Asdic: A device that uses reflected sound waves to detect objects underwater. Named for the Allied Submarine Detection Investigation Committee that developed it. Often called sonar, especially in American English.
Befehlshaber der Unterseeboote (BdU): Headquarters of the supreme command of the Kriegsmarine’s U-boat arm.
Bigram Table: These sheets were used to encipher the starting positions of the rotors for an Enigma message. The indicators were then transmitted with the message so the receiver could use his own copy of the table to find the correct settings with which to decipher the message. The tables were updated frequently.
Bold: A German sonar decoy canister used by U-boats to confuse ships attempting to hunt them. When the calcium hydride inside mixed with ocean water, it created a mass of bubbles.
Bombe: A machine used to test various Enigma settings in order to narrow down the possibilities. Development was headed by Alan Turing and refined by Gordon Welchman, with inspiration from a similar machine (the bomba) built by Polish cryptographers.
Bletchley Park: British codebreaking center in Buckinghamshire, England.
Cipher: Ciphers and codes are ways of obscuring a message from anyone who does not have the key. The terms are often used interchangeably, but in a strict sense, codes substitute something else in place of the original message. Morse code, for example, replaces letters with dots and dashes. Ciphers use a formula, algorithm, or machine to transform the original message into a seemingly random string of letters.
Crib: An educated guess of what an enciphered message says, used in an attempt to decipher the message. For example, if a German minesweeper cleared a minefield, that report might be sent to a U-boat in the Shark Enigma cipher and also to a tugboat in the less complicated Dockyard cipher. If the message sent in Dockyard were broken, it could become a crib for the Shark message. Once codebreakers knew what the Shark message said, they could determine the day’s Enigma settings.
Devil’s Shovel: Slang term for a U-boat.
Enigma: Machine used to encrypt and decrypt German military messages before and during WWII. The Enigma was portable and fairly easy to operate. When one letter was pressed on a typewriter-like keyboard, another letter lit up on the machine’s lamp board, and the letters from the lamp board were recorded as the encryption. As long as the same settings were used, the process also worked in reverse so the receiver could decrypt and read the message. Different settings were created by using different combinations of rotors that had the alphabet printed along the outside edge. Machines used three rotors at a time (four later in the war for the Naval Enigma), and an astronomically high number of settings were possible based on which rotors were used, in which order, with which ring settings (how the rotors were connected internally), and with which starting point. The machine also included an external plug board that further scrambled the letters.

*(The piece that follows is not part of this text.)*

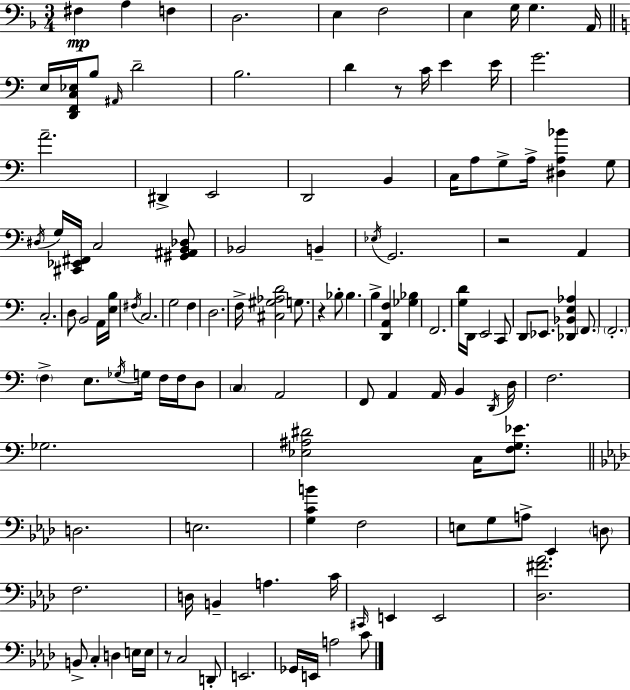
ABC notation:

Funkgast: Radio operator on a U-boat.
Funkmaat: Radio petty officer on a U-boat.
Heer: German Army.
Kapitänleutnant: Officer in the German Kriegsmarine, rank similar to a lieutenant commander in the Royal Navy or U.S. Navy.
Kommandant: Commanding officer of a ship.
Kriegsmarine: German Navy.
Luftwaffe: German Air Force.
Meteorologe: Meteorologist in the Kriegsmarine.
Metox: A radar detection device used on U-boats to alert them of enemy aircraft using radar even before the aircraft was visible.
Oberfunkmeister: Senior radio petty officer on a U-boat.
Oberleutnant zur See: Officer in the German Kriegsmarine, rank similar to a sublieutenant in the Royal Navy or a lieutenant (junior grade) in the U.S. Navy.
Shark: The Naval Enigma network used by U-boats after October 1941. Shark is the British name for it. The Kriegsmarine called it Triton.
SSS: Maritime distress signal indicating a ship has been attacked by a submarine. During later periods of the war, SSSS was used instead.